文章目录
- Task
- Model
- Evaluation
- Baseline
- Gradescope
-
- [Problem 1: Visualize Positional Embedding](#Problem 1: Visualize Positional Embedding)
- [Problem 2: Gradient Explosion](#Problem 2: Gradient Explosion)
- [Code Link](#Code Link)
Task
Machine translation 中文翻译为英文
此任务没有什么难度,跟着课件中的hint做即可
Data
- Paired data
- TED2020: TED Talk
- Raw: 400,726 (sentences)
- Processed: 394, 052 (sentences)
- en, zh
- TED2020: TED Talk
- Monolingual data
- traditional Chinese(zh)
Workflow
-
Preprocessing
a. download raw data
b. clean and normalize
c. remove bad data (too long/short)
d. tokenization
-
Training
a. initialize a model
b. train it with training data
-
Testing
a. generate translation of test data
b. evaluate the performance
Model
Encoder
-
The Encoder is a RNN or Transformer Encoder. The following description is for RNN. For every input token, Encoder will generate a output vector and a hidden states vector, and the hidden states vector is passed on to the next step. In other words, the Encoder sequentially reads in the input sequence, and outputs a single vector at each timestep, then finally outputs the final hidden states, or content vector, at the last timestep.
-
Parameters:
- args
- encoder_embed_dim: the dimension of embeddings, this compresses the one-hot vector into fixed dimensions, which achieves dimension reduction
- encoder_ffn_embed_dim is the dimension of hidden states and output vectors
- encoder_layers is the number of layers for Encoder RNN
- dropout determines the probability of a neuron's activation being set to 0, in order to prevent overfitting.

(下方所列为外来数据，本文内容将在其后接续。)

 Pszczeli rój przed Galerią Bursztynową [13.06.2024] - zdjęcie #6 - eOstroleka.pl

Generally this is applied in training, and removed in testing.
- dictionary: the dictionary provided by fairseq. it's used to obtain the padding index, and in turn the encoder padding mask.
- embed_tokens: an instance of token embeddings (nn.Embedding)
- args
-
Inputs:
- src_tokens: integer sequence representing english e.g. 1, 28, 29, 205, 2
-
Outputs:
- outputs: the output of RNN at each timestep, can be furthur processed by Attention
- final_hiddens: the hidden states of each timestep, will be passed to decoder for decoding
- encoder_padding_mask: this tells the decoder which position to ignore
-
编码器(Encoder)是一个循环神经网络(RNN)或者 Transformer 中的编码器。下面的描述是针对 RNN 的。对于每一个输入的 token,编码器会生成一个输出向量和一个隐藏状态向量,并且将隐藏状态向量传递给下一步。换句话说,编码器顺序地读入输入序列,并且在每一个时间步输出一个单独的向量,然后在最后一个时间步输出最终的隐藏状态,或者称为内容向量(content vector)。
-
参数:
- args
- encoder_embed_dim: 嵌入的维度,将 one-hot 向量压缩到固定的维度,实现降维的效果
- encoder_ffn_embed_dim: 隐藏状态和输出向量的维度
- encoder_layers: RNN 编码器的层数
- dropout 确定了一个神经元的激活值被设为 0 的概率,用于防止过拟合。通常这个参数在训练时使用,在测试时移除
- dictionary: fairseq 提供的字典。它用于获取填充索引,进而得到编码器的填充掩码(encoder padding mask)

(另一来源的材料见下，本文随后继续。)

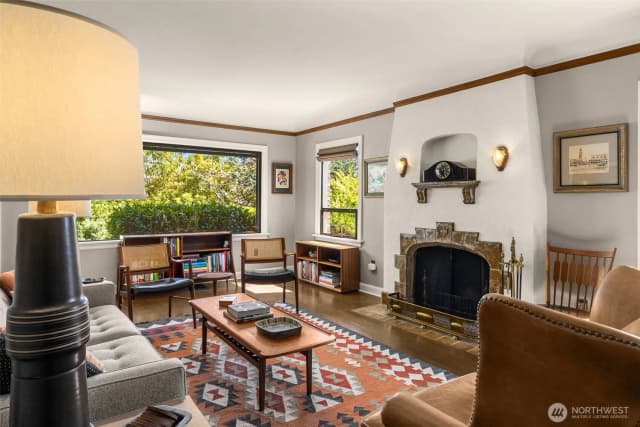 Property photo for 7965 Seward Avenue S, Seattle photo 5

- embed_tokens: 一个 token embedding 的实例(nn.Embedding)
- args
-
Inputs:
- src_tokens: 一个表示英语的整数序列,例如: 1, 28, 29, 205, 2
-
Outputs:
- outputs: RNN 在每个时间步的输出,可以由注意力机制(Attention)进一步处理
- final_hiddens: 每个时间步的隐藏状态,会被传递给解码器(decoder)进行解码
- encoder_padding_mask: 这个参数告诉解码器哪些位置要忽略
Attention
-
When the input sequence is long, "content vector" alone cannot accurately represent the whole sequence, attention mechanism can provide the Decoder more information.
-
According to the Decoder embeddings of the current timestep, match the Encoder outputs with decoder embeddings to determine correlation, and then sum the Encoder outputs weighted by the correlation as the input to Decoder RNN.
-
Common attention implementations use neural network / dot product as the correlation between query (decoder embeddings) and key (Encoder outputs), followed by softmax to obtain a distribution, and finally values (Encoder outputs) is weighted sum-ed by said distribution.
-
Parameters:
- input_embed_dim: dimensionality of key, should be that of the vector in decoder to attend others
- source_embed_dim: dimensionality of query, should be that of the vector to be attended to (encoder outputs)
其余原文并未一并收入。